Garcia GDB Goes on Borrowing and Refinancing Binge

During Garcia’s tenure the GDB moved from its previous role as an agent for infrastructure lending and economic development to taking a lead role in deficit financing among the Commonwealth and its related entities.[xxxv] With the profits from the sale of the Corpus Account securities, Garcia’s GDB was able to recapitalize itself and go on a borrowing and refinancing binge. Between December 2008 and 2009, the GDB sold $2.8 billion in notes and it sold another $2.8 billion in the same period between 2009 and 2010.[xxxvi] In total the GDB issued roughly $11 billion in notes, mostly during Fortuño’s administration, and half of that remained outstanding by 2013.[xxxvii]

Santander Securities and other local banks took the lead in underwriting these notes, earning underwriting fees and profits by selling them to their customers and placing them elsewhere in the secondary market. For example, Santander acted as a lead underwriter of four GDB bond issues worth $4.6 billion between December 2008 and 2011, sharing in over $43 million in underwriter’s discount and fees.[xxxviii]

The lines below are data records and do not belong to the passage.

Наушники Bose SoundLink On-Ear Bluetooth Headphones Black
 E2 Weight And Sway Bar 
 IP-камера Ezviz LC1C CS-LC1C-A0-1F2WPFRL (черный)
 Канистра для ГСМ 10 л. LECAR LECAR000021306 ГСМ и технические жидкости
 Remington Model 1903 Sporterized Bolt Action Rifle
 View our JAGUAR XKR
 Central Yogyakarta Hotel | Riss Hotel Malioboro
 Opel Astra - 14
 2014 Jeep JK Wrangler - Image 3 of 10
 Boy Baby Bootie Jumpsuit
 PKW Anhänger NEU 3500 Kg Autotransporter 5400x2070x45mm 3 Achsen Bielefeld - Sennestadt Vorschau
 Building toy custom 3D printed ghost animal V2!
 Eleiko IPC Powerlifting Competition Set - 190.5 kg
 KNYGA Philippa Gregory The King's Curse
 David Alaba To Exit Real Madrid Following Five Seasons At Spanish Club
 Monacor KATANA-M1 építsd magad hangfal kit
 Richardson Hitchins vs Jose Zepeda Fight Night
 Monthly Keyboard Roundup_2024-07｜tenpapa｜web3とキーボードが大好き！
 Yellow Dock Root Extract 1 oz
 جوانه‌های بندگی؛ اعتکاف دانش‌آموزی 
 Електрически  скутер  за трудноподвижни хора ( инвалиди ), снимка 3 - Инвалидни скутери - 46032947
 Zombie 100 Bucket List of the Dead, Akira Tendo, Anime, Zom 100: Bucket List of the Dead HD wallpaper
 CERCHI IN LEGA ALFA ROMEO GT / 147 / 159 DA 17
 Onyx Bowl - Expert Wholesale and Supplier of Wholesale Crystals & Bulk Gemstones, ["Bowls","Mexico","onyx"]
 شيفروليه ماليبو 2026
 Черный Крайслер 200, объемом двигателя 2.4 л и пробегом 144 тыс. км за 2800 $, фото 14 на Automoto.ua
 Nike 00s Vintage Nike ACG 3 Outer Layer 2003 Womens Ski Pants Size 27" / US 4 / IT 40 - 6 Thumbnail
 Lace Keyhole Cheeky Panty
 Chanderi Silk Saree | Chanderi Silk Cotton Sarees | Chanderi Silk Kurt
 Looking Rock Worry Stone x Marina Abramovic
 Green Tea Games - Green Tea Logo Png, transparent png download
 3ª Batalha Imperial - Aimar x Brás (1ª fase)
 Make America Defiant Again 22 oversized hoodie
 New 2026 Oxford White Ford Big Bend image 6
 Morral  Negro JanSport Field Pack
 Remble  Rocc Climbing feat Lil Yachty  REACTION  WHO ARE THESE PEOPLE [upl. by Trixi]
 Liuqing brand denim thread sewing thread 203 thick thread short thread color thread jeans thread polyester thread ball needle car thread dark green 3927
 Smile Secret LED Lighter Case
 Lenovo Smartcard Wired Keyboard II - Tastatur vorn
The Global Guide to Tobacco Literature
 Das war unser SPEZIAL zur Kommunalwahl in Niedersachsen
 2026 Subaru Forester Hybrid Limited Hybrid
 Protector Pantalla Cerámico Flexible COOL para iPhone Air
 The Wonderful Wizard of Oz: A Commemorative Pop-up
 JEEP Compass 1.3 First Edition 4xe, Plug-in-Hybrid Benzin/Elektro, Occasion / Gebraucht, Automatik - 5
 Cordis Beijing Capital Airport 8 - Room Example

While these GDB notes were marketed all over the world, about half were sold in Puerto Rico by Santander and other banks to local investors.[xxxix] Many Santander customers held and continue to hold the notes indirectly through their purchase of shares in the bank’s “First Puerto Rico” closed-end mutual funds. The investments are now worth a small fraction of their initial value and local investors have lost millions as the GDB has declined into insolvency.[xl]

The Infrastructure and Pension Funds Get Stuck with “COFINA Cab” IOU’s

Even the Corpus Account’s remaining $300 million on deposit at the GDB proved too tempting for the financial engineers in the Fortuño administration. In 2011, the legislature passed Law No. 96, which took $162.5 million of money left in the Corpus Account and applied it to shore up the public employees’ pension plan,[xli] which in turn, had been previously leveraged in 2008 through several bond issues that Santander and other banks had helped underwrite and profited from.[xlii]

The $162.5 million was not actually made available to the pension fund to pay benefits, instead, it was invested in a COFINA capital appreciation bond series[xliii] that would accrete interest at 7% but would not be mature until 2043 through 2048.[xliv] The accreting interest on these bonds meant that at maturity they would be worth $1.65 billion, representing a gain of more than ten times their initial amount.[xlv]

Law No. 96 also obliged the remaining $165 million left in the Corpus Account to be invested in the same COFINA capital appreciation bonds; noting “it is projected that the maturity value of each one of these COFINA bonds shall be of approximately $1.2 billion, thus achieving the purpose of protecting the Fund’s Corpus Account.”[xlvi] In reality, Law No. 96 allowed the GDB to leave the Corpus Account with nothing but an expensive IOU payable in the distant future.

It is difficult to imagine that the GDB genuinely believed toxic COFINA Cabs assigned to the Corpus Account and the pension fund would be repaid at maturity.[xlvii] This should raise questions about why the GDB stuck the infrastructure and the public employees pension funds with these dubious IOUs. It’s possible that the GDB may have calculated that it would be able to refund these high cost bonds as early as 2016,[xlviii] but Puerto Rico has now defaulted on its debt and the GDB has become insolvent.

In summary, the bulk of proceeds from the privatization of a profitable, publicly owned telephone company, earmarked for crucial Puerto Rican water projects, has been turned into paper dust. The Corpus Account no longer funds infrastructure development, but consists of a bond notes due in 2043 that are obligations of COFINA and ultimately, the Puerto Rican sales and use taxpayers.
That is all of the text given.